A gauge of stocks in Europe slid after material and energy companies led Asia’s benchmark equity index lower and U.S. oil dropped as much as 2.6 percent. Malaysia’s ringgit led a retreat in high-yielding currencies. Standard & Poor’s 500 Index futures slipped, while Treasuries advanced. Senator Ted Cruz won the Iowa Republican caucuses in an upset over billionaire Donald Trump, while Democrat Hillary Clinton was clinging to the narrowest edge over Senator Bernie Sanders of Vermont.
Asian shares fell on Tuesday as crude oil prices slid on oversupply fears and after downbeat manufacturing data raised concerns about sluggish global economic growth.

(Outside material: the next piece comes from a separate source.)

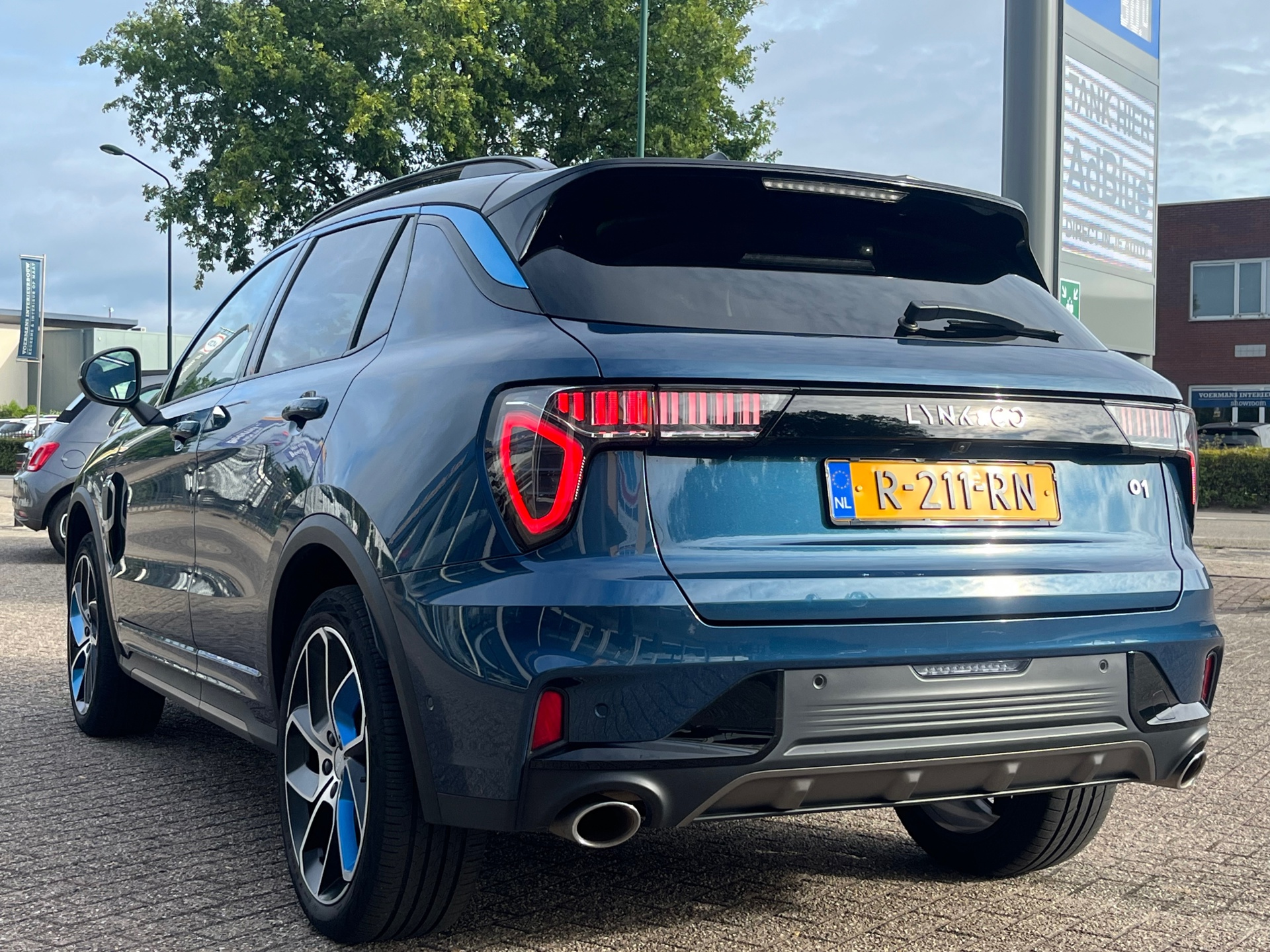 Foto van Lynk&co LYNK & Co 01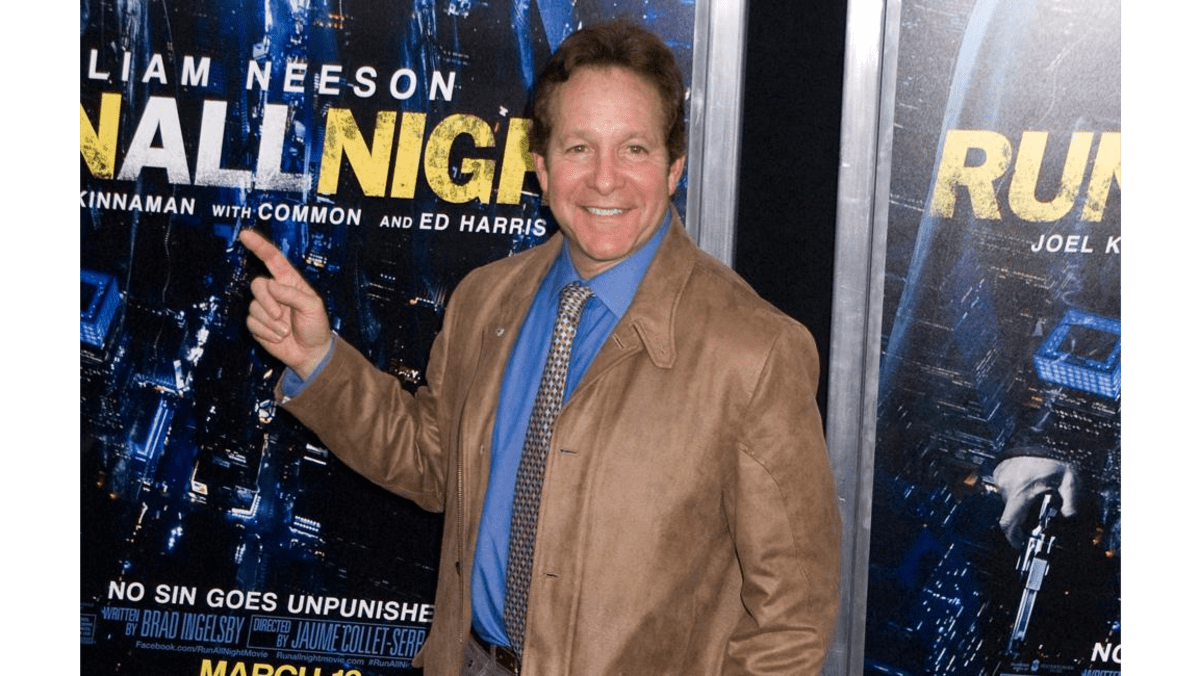 Steve Guttenberg marries 8 Days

Japan's Nikkei .N225 ended down 0.6 percent as investors locked in profits after two straight days of big gains following the Bank of Japan's decision to introduce negative interest rates late last week.
"In a bear market, investors would use any rebound to cut equity holdings, and that has been the trading pattern recently," said Zeng Yan, an analyst at Zhongtai Securities. "There are no changes in fundamentals: yuan depreciation concerns are still there, the economy remains in bad shape, and market liquidity tends to be tight."
Markets were little fazed by results of Iowa's Republican presidential nominating primary election, in which U.S. Senator Ted Cruz beat billionaire Donald Trump. On the Democratic side, former Secretary of State Hillary Clinton was in a virtual tie with rival Bernie Sanders.